The forest opened out and away. Trees, conifers and deciduous, lined the shores, and up into the rock outcroppings on the horizon which once, Jeff said, were the remnants of ancient mountains. On the other side of the lake, it was predominantly white pines, spruces, and eastern hemlocks. Closer by on our side were sugar maples, white cedar, and aspen. I smelled the air again, and grasped a hint of spearmint underneath the scent of sugared pine. The ground cover leading down the bank to the lake held fall’s dull color in it, as most of the plants were dying from the cold and damp conditions. Of these, I found big and little bluestems seeding, long dead blueberries nestled amongst tired lichen, and the last blooms of goldenrods.
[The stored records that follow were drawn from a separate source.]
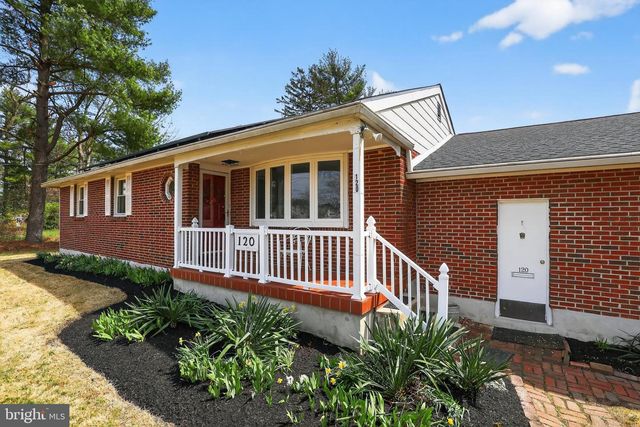 120 FISH POND RD, Sewell, NJ 08080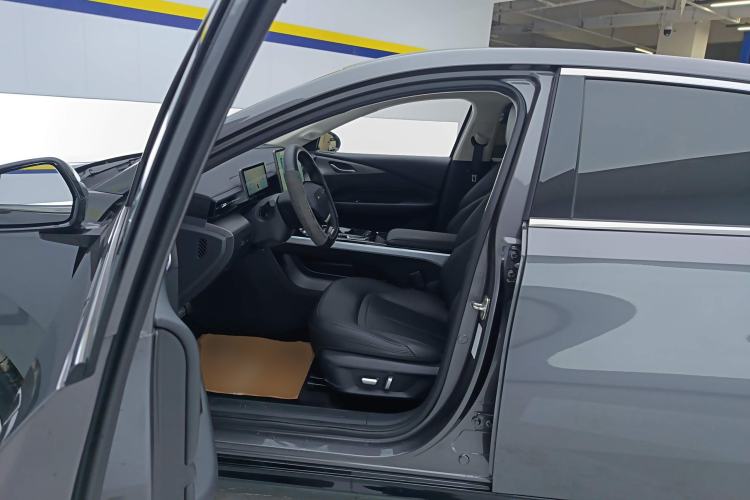 Used Wuling Xingguang 2023 150 Advanced Edition Left Front Seat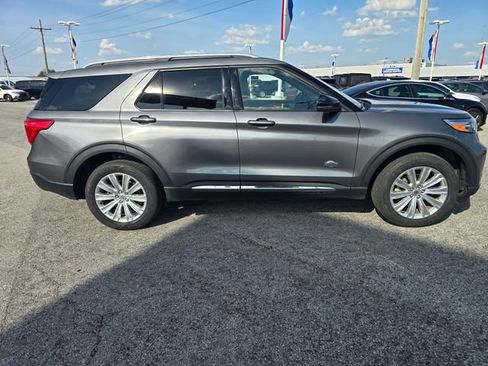 Used 2022 Ford Explorer King Ranch w/ Premium Technology Package AWD/4WD image 2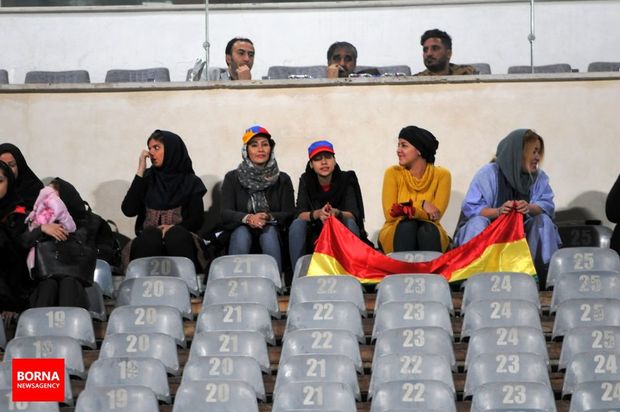 حضور بانوان در ورزشگاه آزادی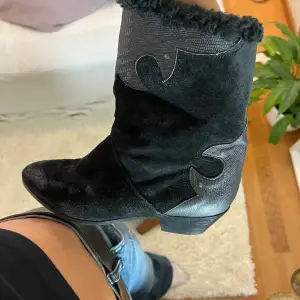 Supercoola cowboyboots för höst/vinter eftersom de är vadderade med fluff inuti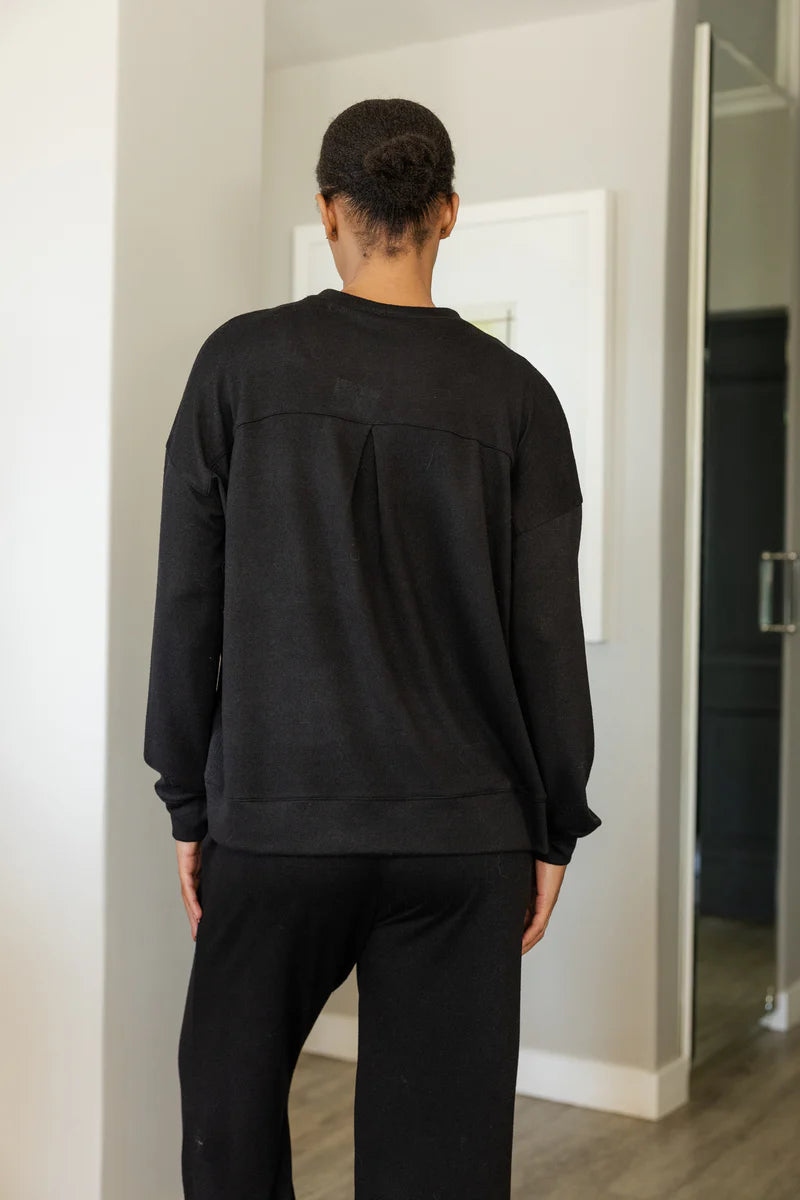 Julita Cuff Styled Top in Black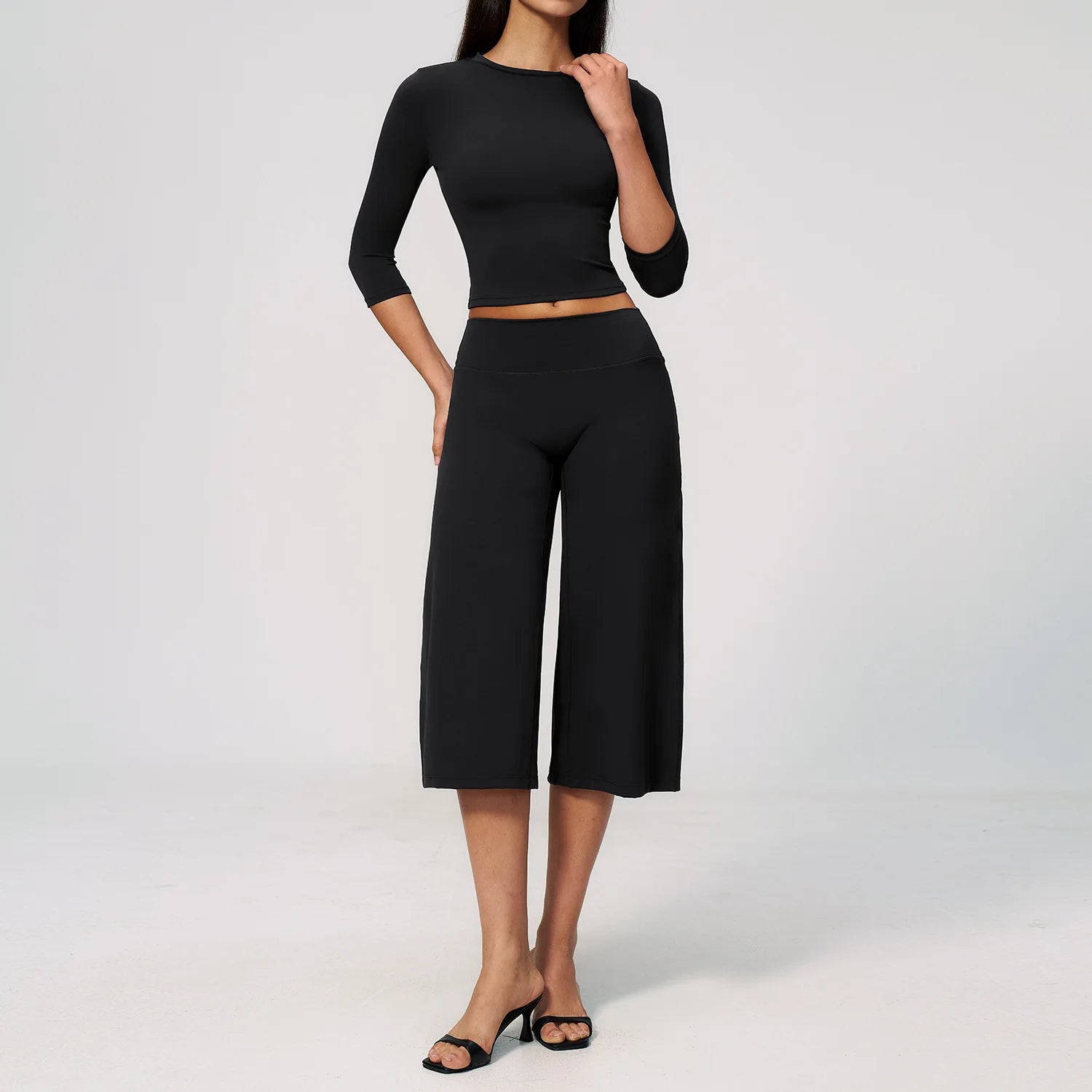 2PCS Yoga Suit Gym Set Women Tracksuit Sports Running Workout Clothes Half Sleeve Sports Capri Pants Athletic Wear Yoga Clothing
I saw the ground cover crawl down the bank and lick the lakeshore, then morph into kelp beyond it into the waters.

Echo Lake stood still and clear. The water, like glass, reflected the dark green bank of trees on the far side, making it appear there were more trees than were possible. Halfway across the lake, a sheer exposed-bedrock cliff formed a canyon-like atmosphere. These rock outcroppings along the western shore cause one’s voice to echo across these waters, and that gives the lake its name. Its shoreline is a little over a mile long. Its depth reaches 70 feet down. Just south of where I stood is the outlet, Harlow Creek. Somewhere beyond my view to the west are the mountain lakes which feed and maintain the Echo’s waters.

Like a wolf, I felt seclusion here.

As Jeff and I neared the lake’s surface, he mentioned that somewhere in its depths reside a fair population of largemouth bass and bluegills. These fish are not normally near the surface, so the lake looked calm and uninhabited. With exception of my reflection in the water, all the life I had seen consisted of that small bird, a reflection of a crow in the water, a distant “cheep” of a chipmunk.

Jeff, the most distant of all, stood and waited for me as I sketched the shoreline into my journal.

As we hiked to the highest point in the preserve, where the waters of Superior would dominate the horizon, boundless and solid as blue stone, a giant hemlock tree’s remains stood out a hundred feet from the path. Amongst the other trees, it was long dead, but in its decay it was majestic; it summoned me. However, when my foot tried to venture toward it, Jeff reminded me not to stray from the path. I looked down, and noticed the rock outline which I had crossed.

That tree’s remains must have been a mature tree left there only because it was dead long before the timbering of this area. But that tree called me somehow, setting this area off limits with its ominous vibrations. Or was I just imagining it? With land owned by nonprofit corporations and groups, this tree, which captivated my attention so suddenly, was off limits to my approach.

Yet, at least, there was a beauty in that; after all I am no deer or owl, or wolf.

I am quite human.

And I own nothing here.



Hey everyone, you just read the only nonfiction piece I've ever published. It was for my non-fiction nature writing course at Northern Michigan University. Visiting this preserve was absolutely amazing. The professor asked for an essay of some sort, but I turned this in instead. I don't know what he was expecting from me. Ah well, it passed anyway.

-Anya

p.s. I wish I had taken my own pictures.